For pupils eligible for Pupil Premium, the school states they can access a free after-school activity each term, plus support with trips and uniform. This matters because it protects access to the enrichment side of school life, not just classroom interventions.
The published school day runs 8:50am to 3:20pm, with registration at 8:50am, a 9:00am start, and lunch from 12:00pm to 1:00pm.
Wraparound care is available via Woodpeckers Breakfast and After School Club, which the school site describes as running from 7:30am until 5:45pm during term time. (This is a paid childcare service; families should confirm current session pricing and availability directly with the provider.)
On travel, the historic inspection record references active encouragement of walking and a travel plan approach, which is consistent with many infant schools in residential areas where drop-off congestion can be an issue.
Oversubscription pressure. With more than two applications per place in the most recent snapshot here, admission can be competitive. Have a realistic Plan B and understand the oversubscription criteria early.

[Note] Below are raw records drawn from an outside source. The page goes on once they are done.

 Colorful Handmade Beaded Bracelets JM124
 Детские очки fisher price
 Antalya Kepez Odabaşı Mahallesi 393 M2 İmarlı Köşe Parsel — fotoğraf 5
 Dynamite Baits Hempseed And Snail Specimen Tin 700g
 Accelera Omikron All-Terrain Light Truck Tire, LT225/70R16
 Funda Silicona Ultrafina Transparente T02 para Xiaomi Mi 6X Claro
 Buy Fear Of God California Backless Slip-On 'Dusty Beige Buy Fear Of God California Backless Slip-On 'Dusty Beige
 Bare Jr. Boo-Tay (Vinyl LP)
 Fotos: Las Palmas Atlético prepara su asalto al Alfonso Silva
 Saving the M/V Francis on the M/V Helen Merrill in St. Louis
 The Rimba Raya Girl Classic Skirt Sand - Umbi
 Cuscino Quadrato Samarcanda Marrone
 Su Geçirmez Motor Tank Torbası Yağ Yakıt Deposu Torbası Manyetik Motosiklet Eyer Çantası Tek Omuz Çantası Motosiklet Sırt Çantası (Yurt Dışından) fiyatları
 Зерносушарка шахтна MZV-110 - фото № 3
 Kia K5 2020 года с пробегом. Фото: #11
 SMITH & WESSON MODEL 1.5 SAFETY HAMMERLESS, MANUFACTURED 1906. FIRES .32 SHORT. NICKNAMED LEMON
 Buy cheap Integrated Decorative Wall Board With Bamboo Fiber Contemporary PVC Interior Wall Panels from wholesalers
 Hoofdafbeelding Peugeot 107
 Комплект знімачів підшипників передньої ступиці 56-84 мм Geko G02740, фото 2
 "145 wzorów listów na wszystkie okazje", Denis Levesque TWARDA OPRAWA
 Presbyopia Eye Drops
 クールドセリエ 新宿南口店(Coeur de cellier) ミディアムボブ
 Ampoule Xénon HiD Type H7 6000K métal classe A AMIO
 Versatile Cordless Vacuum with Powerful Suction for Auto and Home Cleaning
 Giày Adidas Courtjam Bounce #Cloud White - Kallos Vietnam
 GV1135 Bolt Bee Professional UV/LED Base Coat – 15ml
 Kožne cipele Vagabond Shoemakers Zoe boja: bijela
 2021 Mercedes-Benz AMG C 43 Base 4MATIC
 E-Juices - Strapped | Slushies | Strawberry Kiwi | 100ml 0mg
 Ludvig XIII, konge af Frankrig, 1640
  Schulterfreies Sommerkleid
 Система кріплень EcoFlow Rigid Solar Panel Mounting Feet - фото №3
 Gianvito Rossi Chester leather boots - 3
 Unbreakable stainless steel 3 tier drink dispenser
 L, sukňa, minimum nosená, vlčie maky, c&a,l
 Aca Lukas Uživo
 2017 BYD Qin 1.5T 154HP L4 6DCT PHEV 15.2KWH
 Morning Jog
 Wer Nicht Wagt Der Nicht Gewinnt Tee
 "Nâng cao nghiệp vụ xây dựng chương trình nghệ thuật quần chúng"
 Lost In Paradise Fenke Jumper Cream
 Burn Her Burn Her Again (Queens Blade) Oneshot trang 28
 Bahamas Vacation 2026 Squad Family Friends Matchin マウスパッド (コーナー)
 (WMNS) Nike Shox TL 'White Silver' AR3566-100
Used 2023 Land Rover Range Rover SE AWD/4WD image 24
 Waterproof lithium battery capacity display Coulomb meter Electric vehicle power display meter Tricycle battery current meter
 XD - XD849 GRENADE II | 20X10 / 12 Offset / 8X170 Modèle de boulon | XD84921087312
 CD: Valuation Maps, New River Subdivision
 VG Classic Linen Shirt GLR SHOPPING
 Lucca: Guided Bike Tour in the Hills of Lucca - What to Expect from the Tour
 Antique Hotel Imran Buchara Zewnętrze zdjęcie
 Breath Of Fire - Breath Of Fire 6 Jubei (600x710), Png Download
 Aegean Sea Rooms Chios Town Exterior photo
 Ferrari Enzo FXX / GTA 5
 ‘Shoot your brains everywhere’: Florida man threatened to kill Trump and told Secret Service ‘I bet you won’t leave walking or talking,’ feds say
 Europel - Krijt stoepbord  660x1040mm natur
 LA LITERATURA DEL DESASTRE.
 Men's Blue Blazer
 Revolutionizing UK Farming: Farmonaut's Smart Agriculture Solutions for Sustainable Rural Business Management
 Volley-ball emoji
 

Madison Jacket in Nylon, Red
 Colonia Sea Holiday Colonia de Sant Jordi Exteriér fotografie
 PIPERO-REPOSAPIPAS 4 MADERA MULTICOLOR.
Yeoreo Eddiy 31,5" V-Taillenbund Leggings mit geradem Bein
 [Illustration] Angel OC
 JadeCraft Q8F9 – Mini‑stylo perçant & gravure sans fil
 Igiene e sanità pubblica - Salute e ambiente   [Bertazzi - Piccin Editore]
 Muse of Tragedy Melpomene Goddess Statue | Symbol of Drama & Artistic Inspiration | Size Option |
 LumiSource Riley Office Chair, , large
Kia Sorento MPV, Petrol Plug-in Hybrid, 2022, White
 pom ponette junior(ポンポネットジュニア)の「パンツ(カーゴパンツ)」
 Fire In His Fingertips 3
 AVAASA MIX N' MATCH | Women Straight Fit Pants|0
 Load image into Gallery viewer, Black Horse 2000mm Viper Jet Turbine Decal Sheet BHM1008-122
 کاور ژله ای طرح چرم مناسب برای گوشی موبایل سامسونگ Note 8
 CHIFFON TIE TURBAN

Consistency work still in progress. The latest inspection highlights that teaching does not always match the planned curriculum content precisely in every area. For some children, that variation matters, especially if they need highly consistent instruction.
Optional clubs add cost. Several enrichment activities are paid sessions. This is normal, but worth budgeting for if clubs are part of what attracts you to the school.
Gomer Infant School’s defining strength is how it builds confident, emotionally literate young pupils while keeping the core educational offer securely on track. Personal development is not treated as “nice to have”; it is a structured part of the school’s approach, and the early reading systems look well organised.
Who it suits: families who want a traditional infant-school experience with clear routines, strong wellbeing scaffolding, and a concrete approach to values, especially those planning a smooth Year 3 transfer locally. The main challenge is securing a place when demand runs high.
Yes, on the most recent published evidence. The latest inspection (November 2024) judged quality of education, behaviour and attitudes, leadership and management, and early years provision as Good, with personal development Outstanding.
Reception applications are made through Hampshire’s coordinated admissions process. For September 2026 entry, applications open 1 November 2025, close 15 January 2026, and offer day is 16 April 2026.
It can be. In the most recent admissions snapshot provided here, there were 112 applications for 50 offers, and the school is recorded as oversubscribed.
Yes. The school site references Woodpeckers Breakfast and After School Club running from 7:30am until 5:45pm in term time.
The school lists a mix including Gomer Glee (singing), Kidslingo Spanish, Little Sew ‘n’ Sews, Chelsea FC Soccer School, and Starz Ballet.